Go to the line below that contains "Carrara White Royale Lattice". From there to the end of the records, reproduce each line exactly, except the pictures.

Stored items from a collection
==========

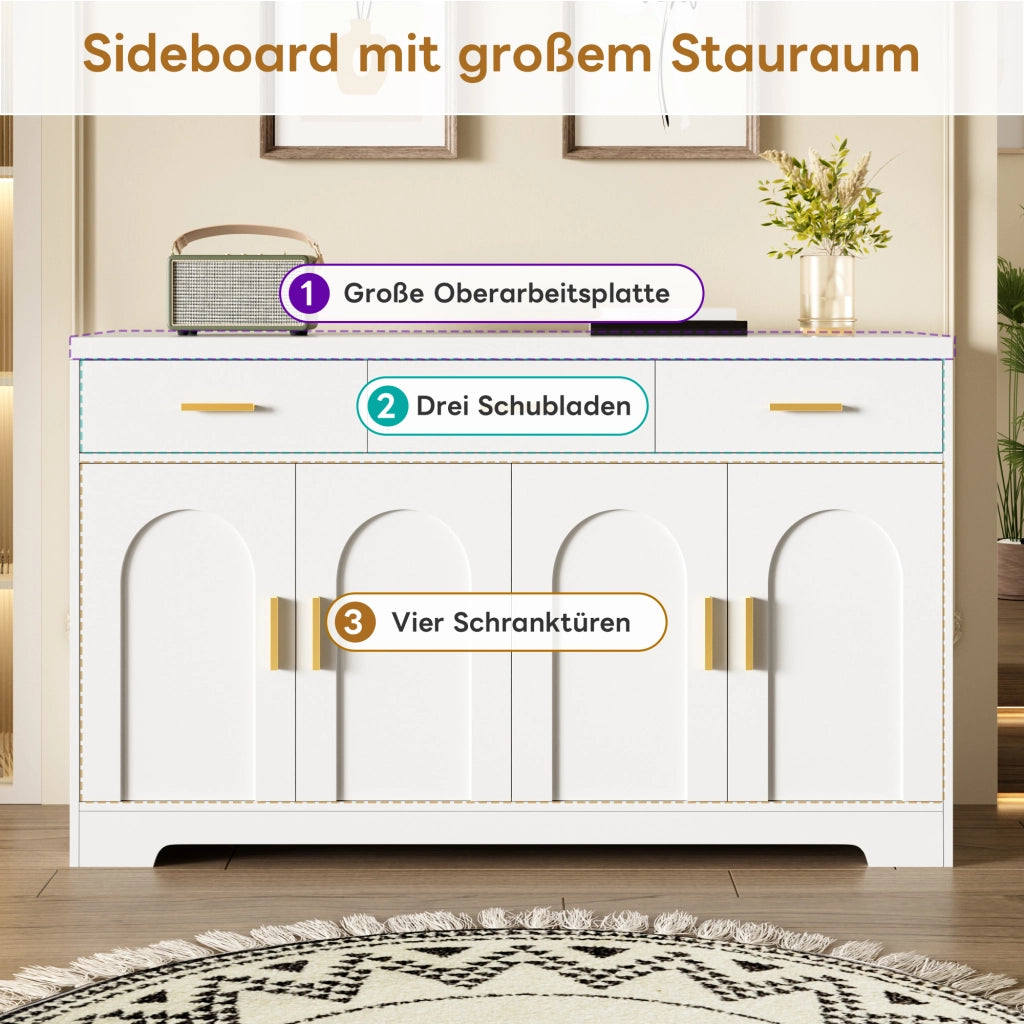 Credenza con 4 ante ad arco, 3 cassetti e ripiani regolabili, per soggiorno, in MDF bianco 140 × 40 × 83 cm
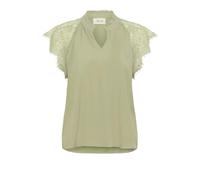 Cream - Blouse en dentelle avec col en V et manches en dentelle - Femme - Blouses et Chemises - Vert - Taille: 40 FR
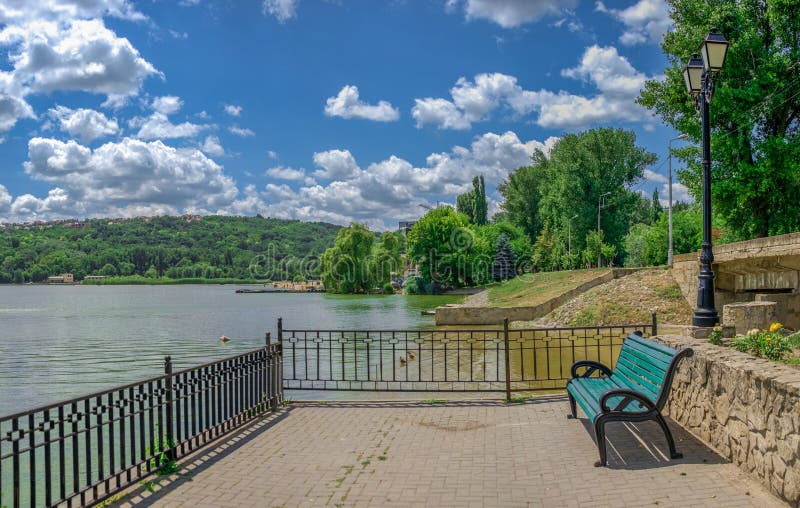 Embankment of Valea Morilor Lake in Chisinau, Moldova, on a sunny summer day. Embankment of Valea Morilor Lake in Chisinau, Moldova, on a sunny summer day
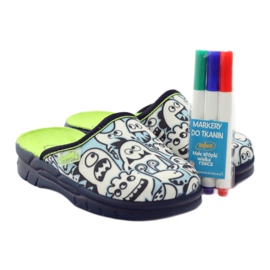 Befado Kinderschuhe Färbung Hausschuhe weiß marineblau blau 5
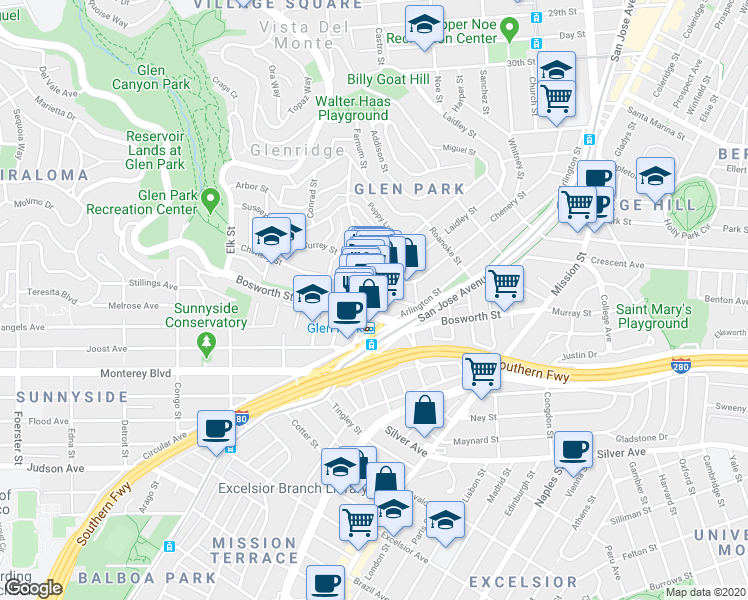 map of restaurants, bars, coffee shops, grocery stores, and more near 35 Wilder Street in San Francisco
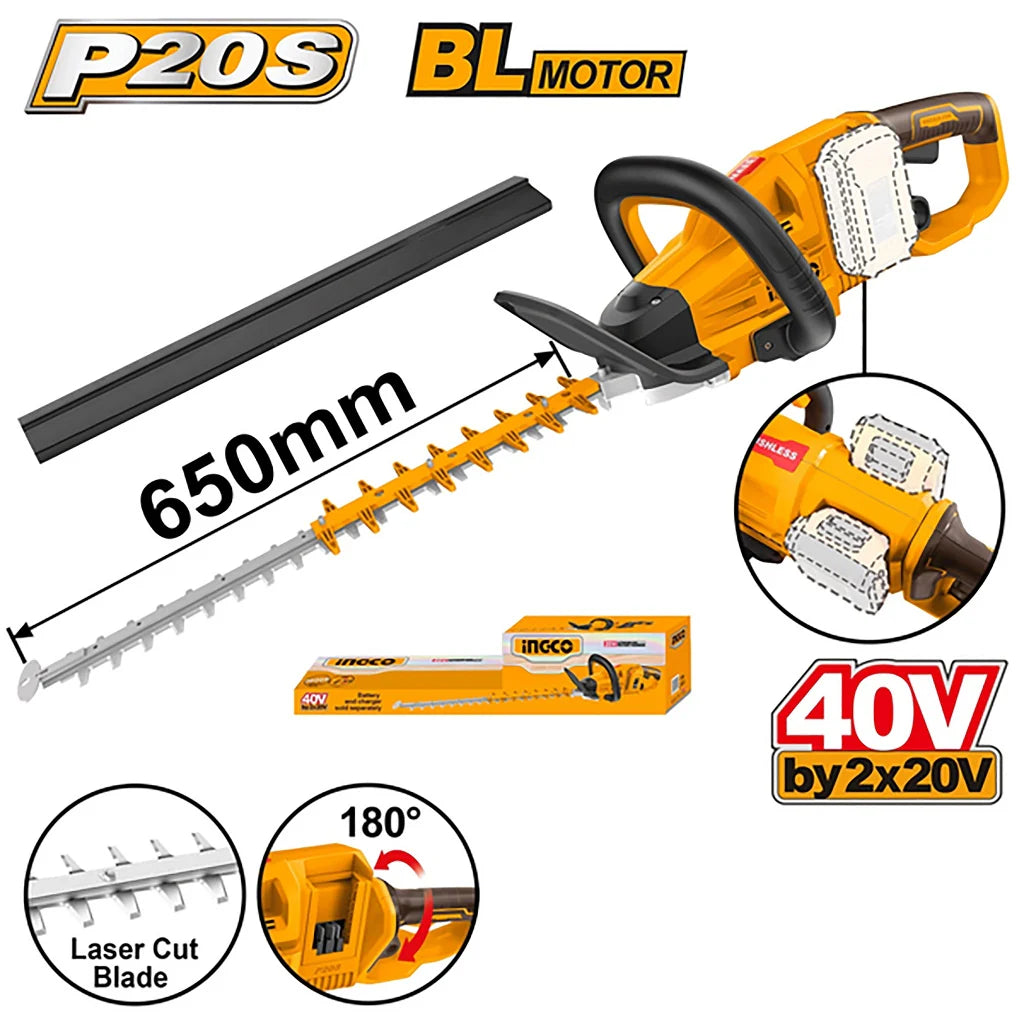 Ingco 40V hedge trimmer with 2 x 4ah batteries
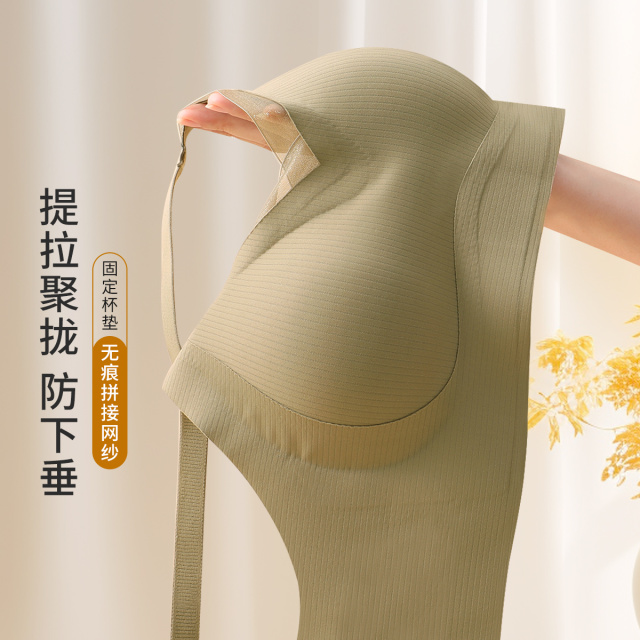 13734847.【反重力提拉】内衣女聚拢提拉防下垂无钢圈V领网纱美背文胸罩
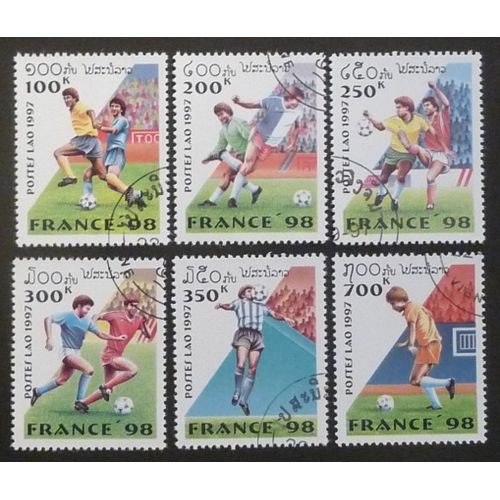 Laos Oblitéré Lot De 6 Timbres De 1997 Foot Coupe 98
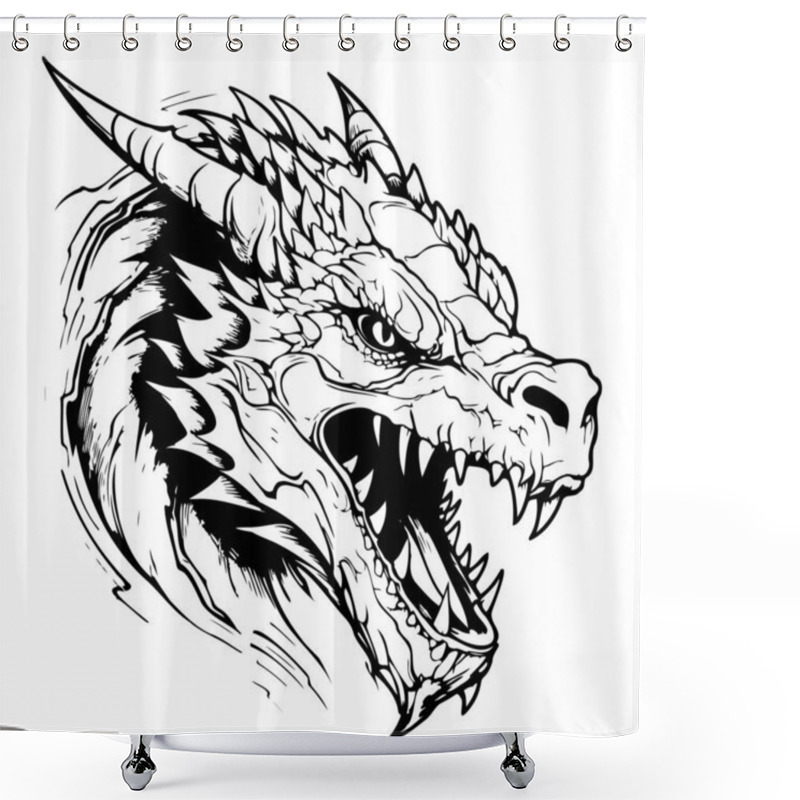 Personality  Hand Drawn Chineese Dragon Isolated On White Background. Vector Illustration Shower Curtains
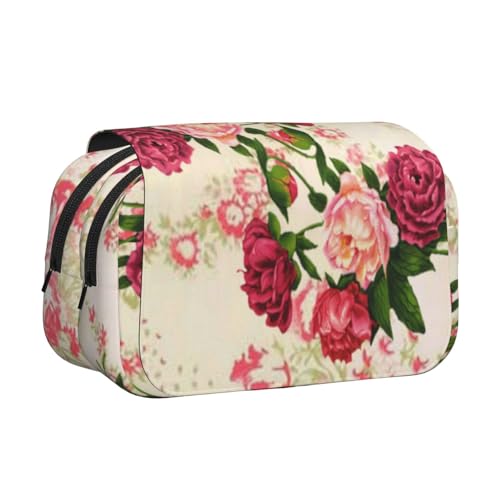YXDVPALNE Rosa Rosen Doppeltes Clamshell-Stifteetui, tragbares Bleistiftetui mit Reißverschluss von YXDVPALNE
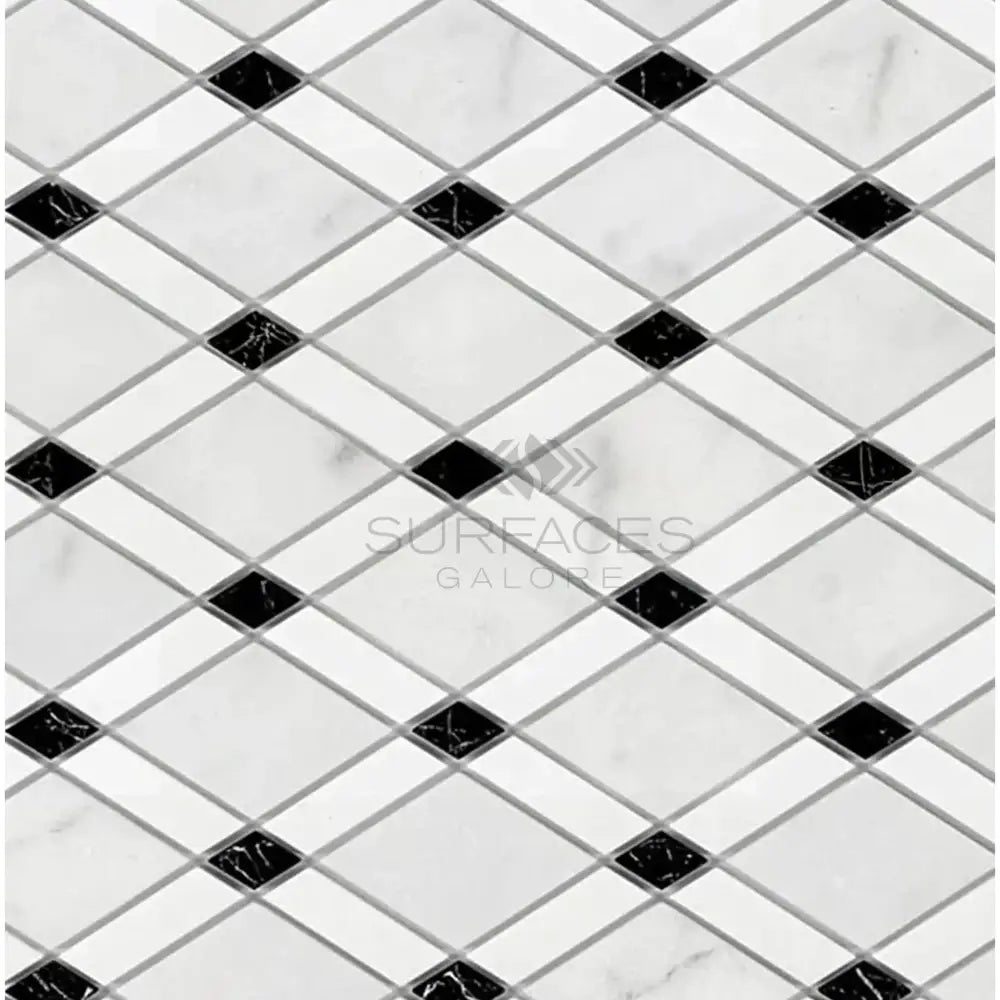 Carrara White Royale Lattice (Thassos+Carrara White Royale+Black) Mosaic Marble Tile-American Stone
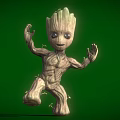 Baby Groot Movie Character Cute Tree Figure With Open Arms And Green Background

==========

- **TASK RESPONSE**
 Carrara White Royale Lattice (Thassos+Carrara White Royale+Black) Mosaic Marble Tile-American Stone
 Baby Groot Movie Character Cute Tree Figure With Open Arms And Green Background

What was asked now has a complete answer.